I’ve written elsewhere about post-adoption panic (see RECENT ARTICLES), which hit me hard after Jesse’s adoption in 1999.

Part of what was hard about it, for me, was that I’d never heard of it. I didn’t know what was wrong with me. I reached the conclusion that what was wrong with me was that I had ruined my life and the life of my family permanently, and there was no escape, and it was all my fault, and it would never get better.

It’s really hard to think rationally when you’re in this state.

In TWO LITTLE GIRLS: A Memoir of Adoption, [NY: Berkley Books, 2006], Theresa Reid writes of despair after the adoption of a second daughter, Lana, a three-year-old from Ukraine:

“I have no patience for this new child, who gets up two or three times during the night, and never sleeps past five-thirty A.M., who is hungry and desperately needs to eat, who asks for food, and then, when I hopefully, lovingly put food before her—even specially prepared food she has eaten happily before—cries and whines and angrily pushes it away. “Nyet!” she shrieks. “Nyyyyyyyeeeettt!” as she shoves it off her tray, kicking and flailing, then slumps in her seat with her head down and cries.”

Reid phones her adoption agency for help (I did the same in 1999), expecting to be offered support. Instead (as I was), she is met with confusion and bewilderment.

“I may be at my wits’ end,” Reid writes of her thoughts after ending that phone conversation, “but I think I can objectively say that this is NOT okay, to put together extremely challenging family constellations and then walk away. I hang up, abandoned, angry…”

The good news is that, in most cases, these can be the disharmonious opening notes of a love story. An out-of-synch beginning is not predictive of the parent/child relationship.

My tips for getting through a rocky and nauseating depression after the arrival of your child:

(1) Take really good care of yourself; do whatever it takes to get enough sleep, including spending the night at a friend’s or arranging a time and place for napping. NOTHING WILL WORK OUT IF YOU ARE SLEEP DEPRIVED.

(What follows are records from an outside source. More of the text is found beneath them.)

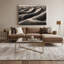 Toile horizontale gris rayé gris foncé-786724749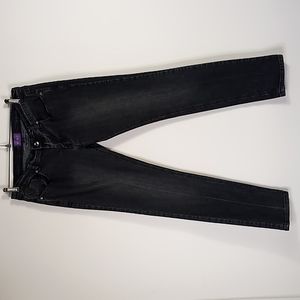 U-51 Faded Black Jeans Straight Leg Size 13/14 Junior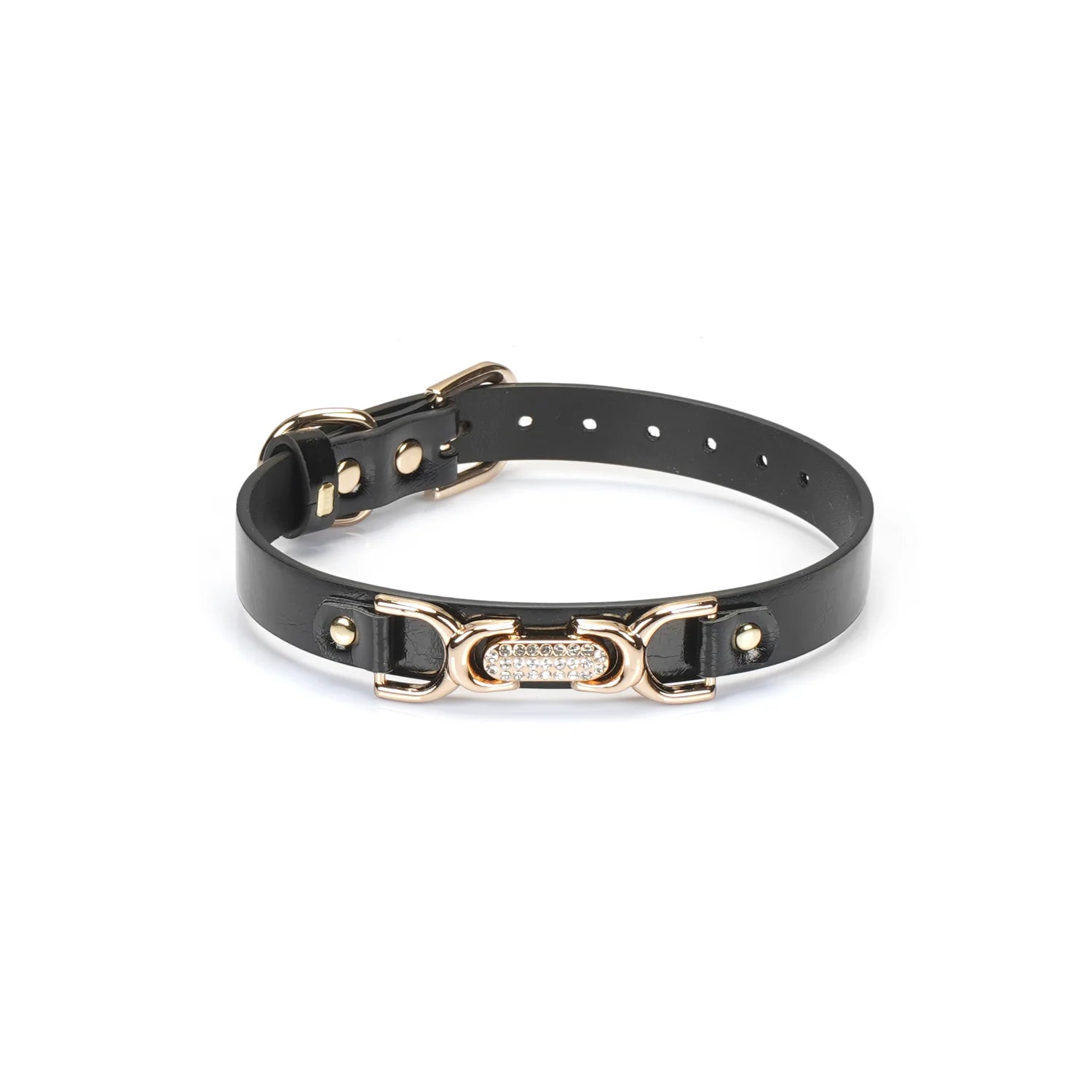 Luxury Rhinestone Double C Collar Kink by Liebe Seele- The Nookie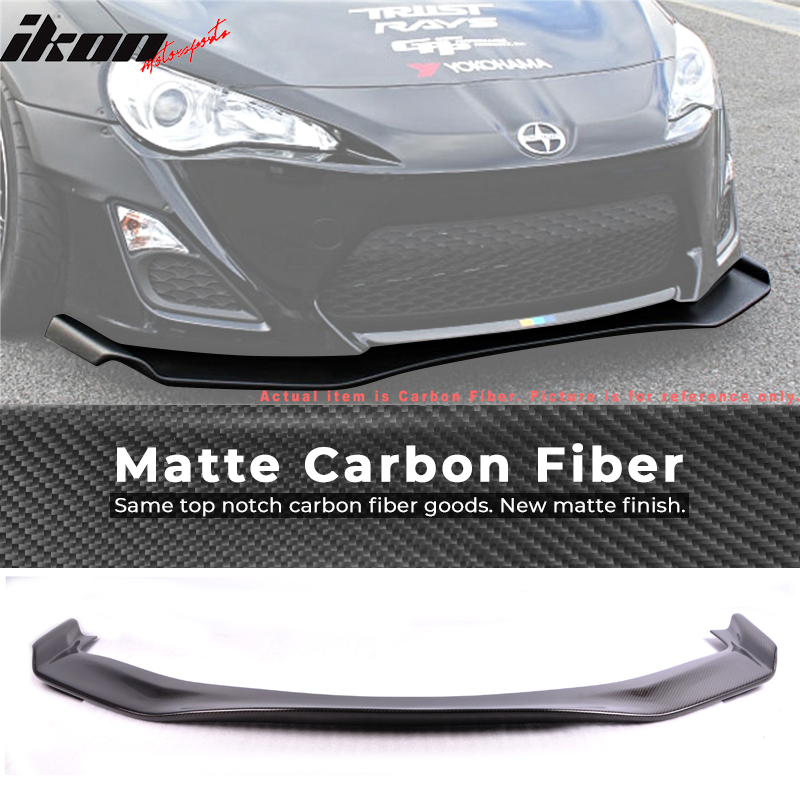 Fits 13-20 Scion FRS GT86 GR Type Front Bumper Lip - Carbon Fiber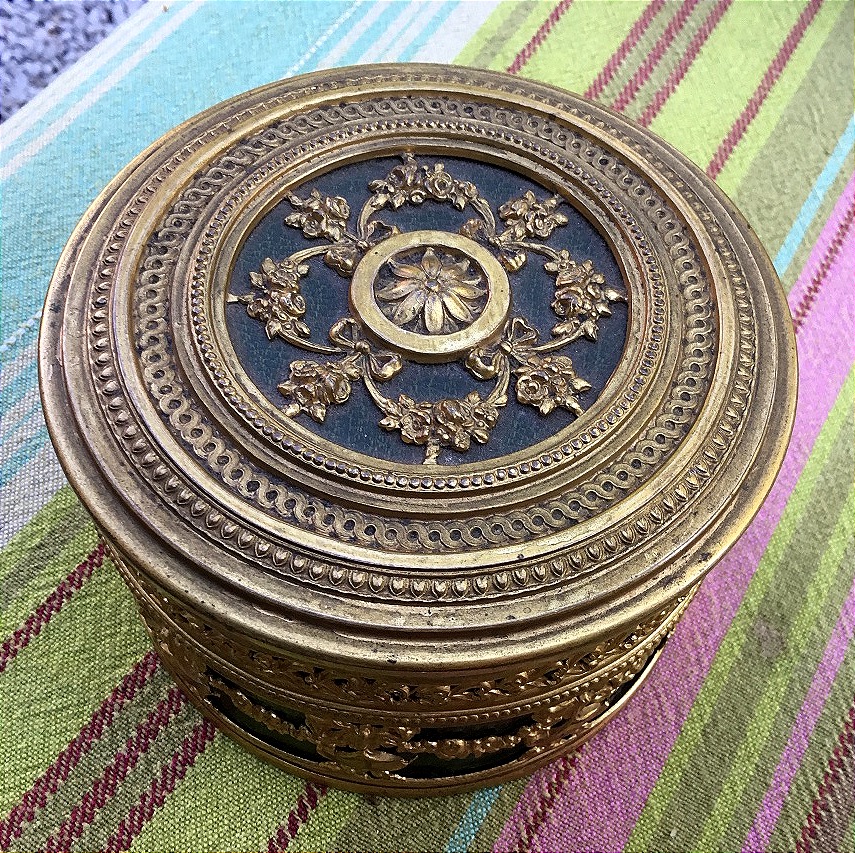 Boite de bijoux de style Empire 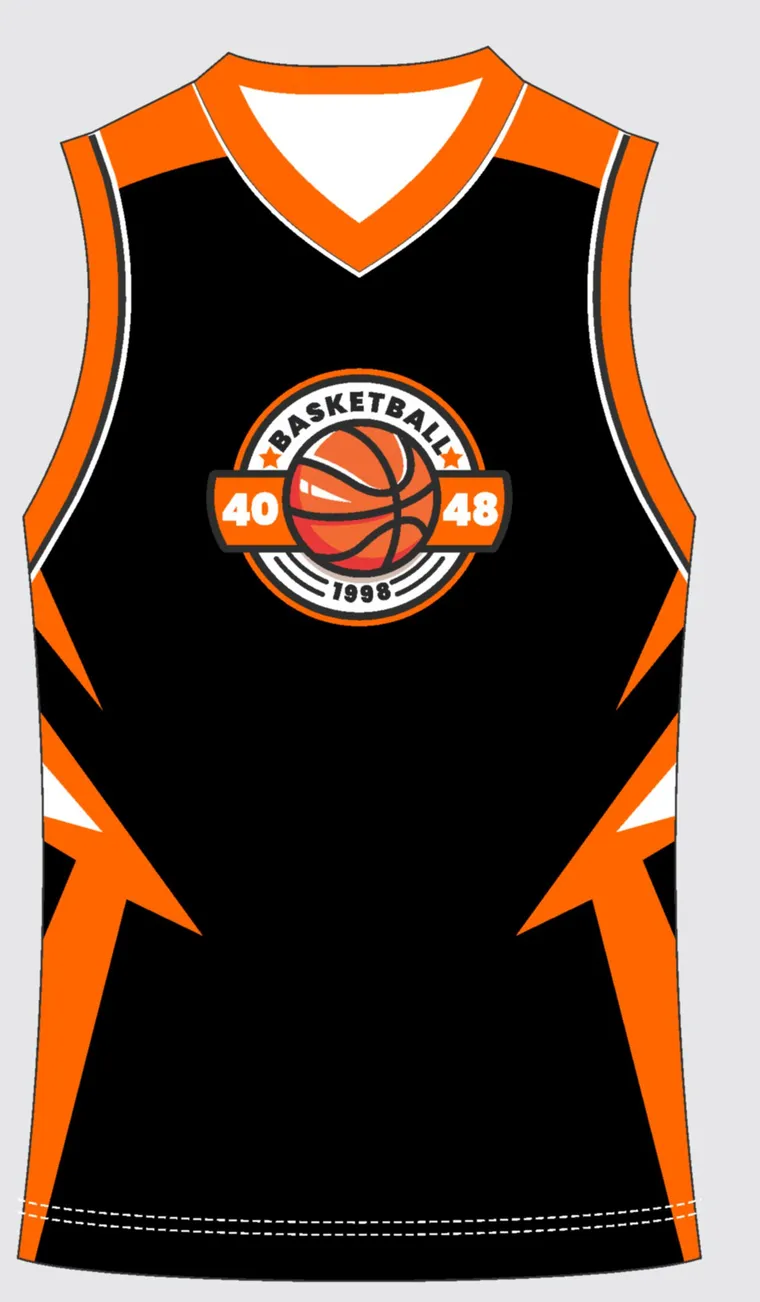 Basketball Uniform Onyx Amber Fracture custom jersey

(2) Make yourself eat and shower and exercise.

(3) Get help. HIRE help if you need to, even if you think you can't afford it. If you feel yourself spiraling into depression, you can't get out of it alone. While a babysitter is there, sleep or exercise or read or eat or go the library or do anything refreshing and pleasant other than caring for this darn child.

(4) Put Feelings on a back-burner. This is not the time for Feelings. If you could express your feelings right now, you’d be saying things like, “Oh my God, I must have lost my mind to think that I can handle this, to think that I wanted a child like this. I’ll never manage to raise this child; I’m way way way way over my head. I’ll never spend time with my spouse or friends again; my older children are going to waste away in profound neglect; my career is finished. I am completely and utterly trapped.” You see? What’s the point of expressing all that right now? Put Feelings in the deep freeze. Live a material life instead: wake, dress, eat, walk. Let your hands and words mother the new child, don't pause to look back, to reflect, or to experience emotions. "Shut up, Emotions," you'll say. "I'll check back with you in six months to see if you've pulled yourselves together. But no whining meanwhile!"

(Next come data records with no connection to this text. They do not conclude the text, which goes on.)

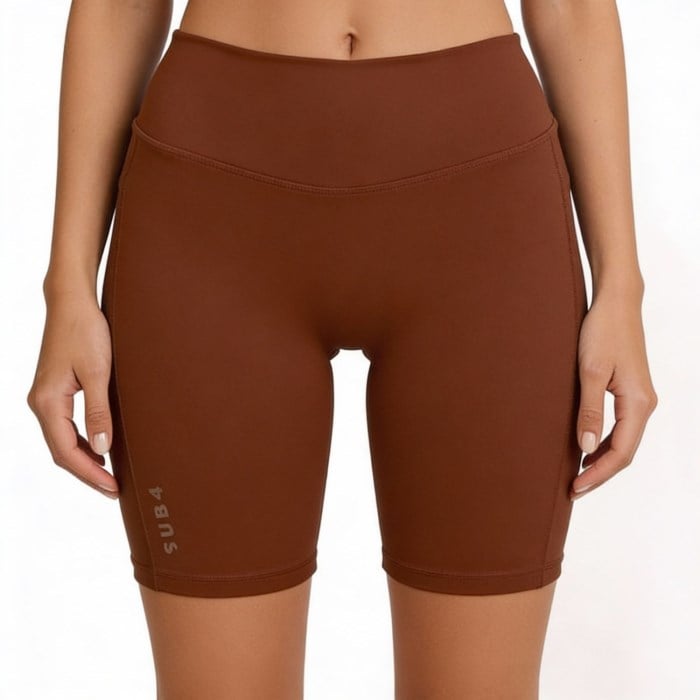 SUB4 Sports Bra & 6 inch Bike Shorts Bundle - Mocha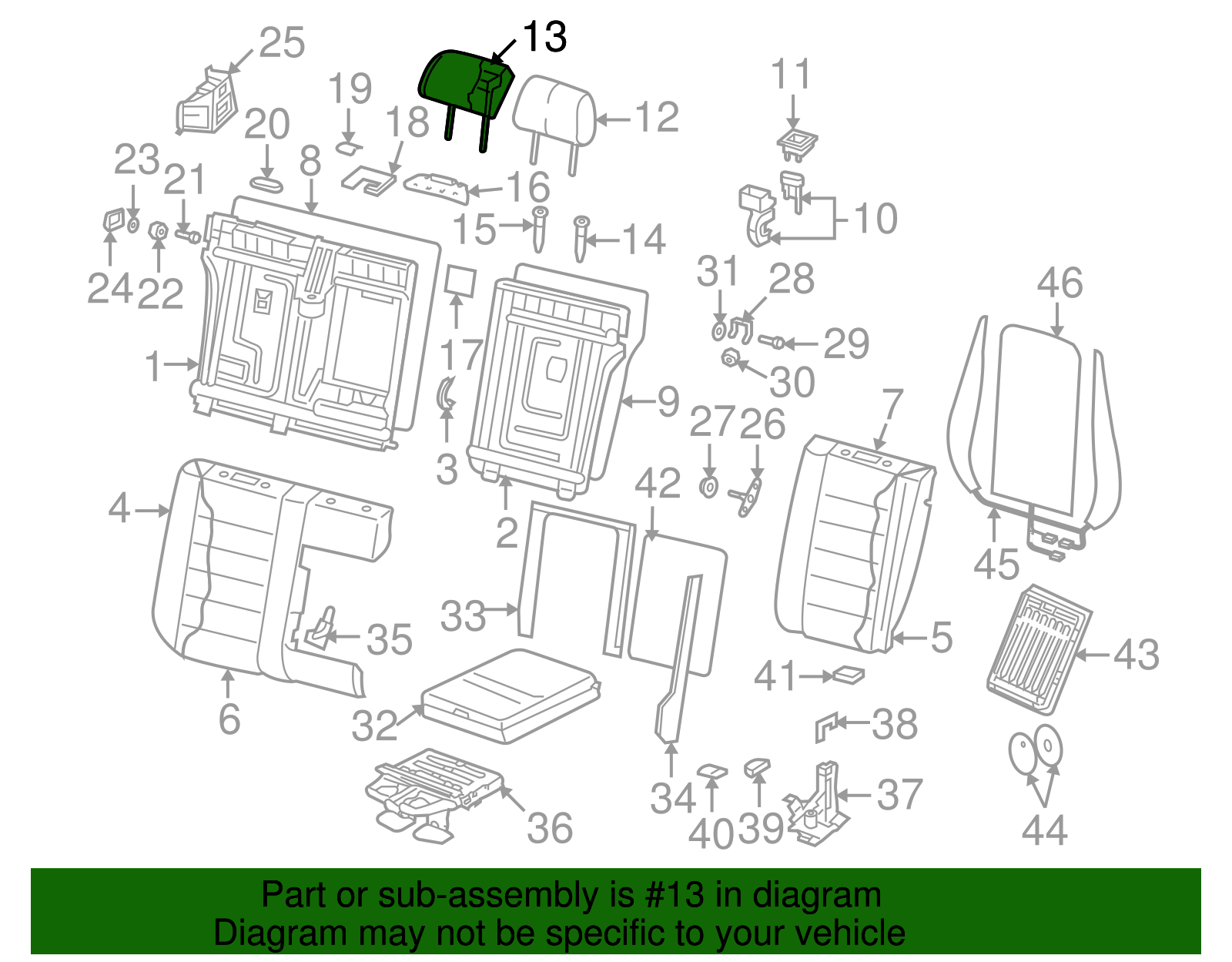 Headrest - Volkswagen (7L6-885-900-Q-T98)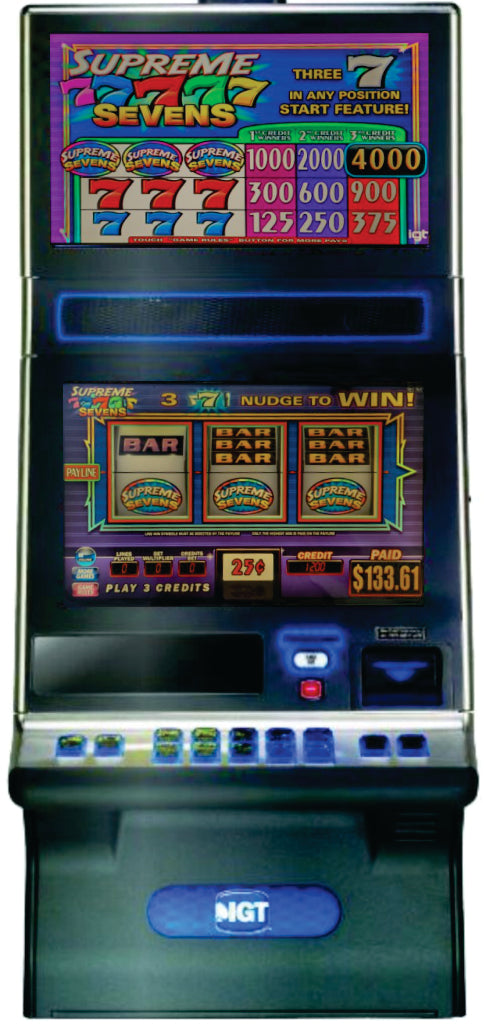 IGT Supreme Sevens Video Slot Machine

(5) Pick up something to read that carries you away. I’ve found that reading about Paleolithic art engenders deep calm and a sense of remove. There’s something about studying 40,000 year old cave painting that makes you feel you can survive the sound of your new child’s voice the next morning.

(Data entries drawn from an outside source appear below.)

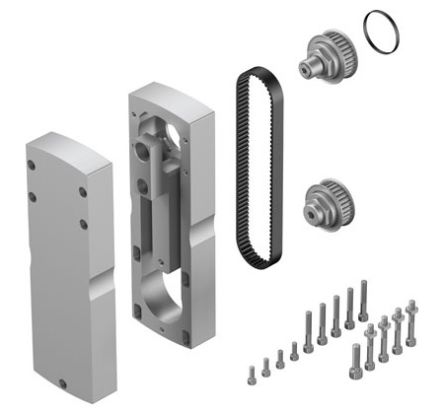 Festo Coupling EAMM-U-86-S48-70A-177, For Use With Pneumatic Cylinder & Actuator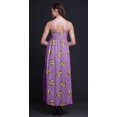 thumbnail image 2 of Bimba Robe Longue Chic Imprimée Papillon pour Femme, Style Bohème, Maxi d'Été, Tenue de Plage - Moyen, 2 of 6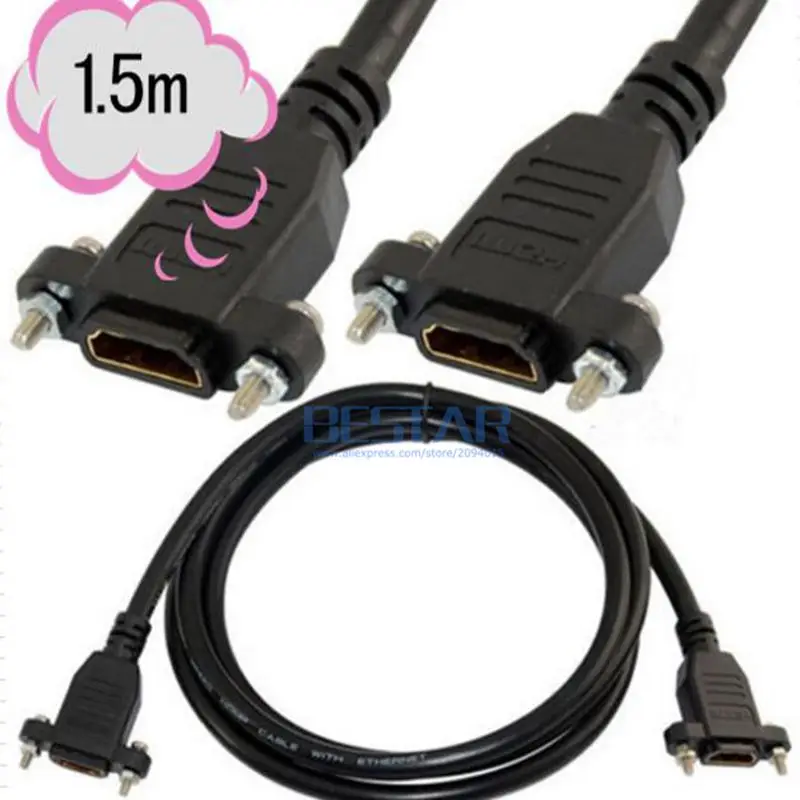 (100pcs/lot) HDMI 1.4V male & female to HDMI female HD panel mount with screws special extension cable hdmi leads 50cm 1m 1.5m
(100pcs/lot) HDMI 1.4V male & female to HDMI female HD panel mount with screws special extension cable hdmi leads 50cm 1m 1.5m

(6) Let yourself off the hook. This is not your fault. You’ve done a grand thing—you’ve gone out into the world in search of a child and, despite every obstacle over tens of thousands of miles, you’ve brought the child home. It's all going to work out in time. Meanwhile, you’re exhausted. This is all really hard. If it were easy, everyone would do it. You’re doing fine. Just rest up, find something to laugh about, and give Feelings the month off.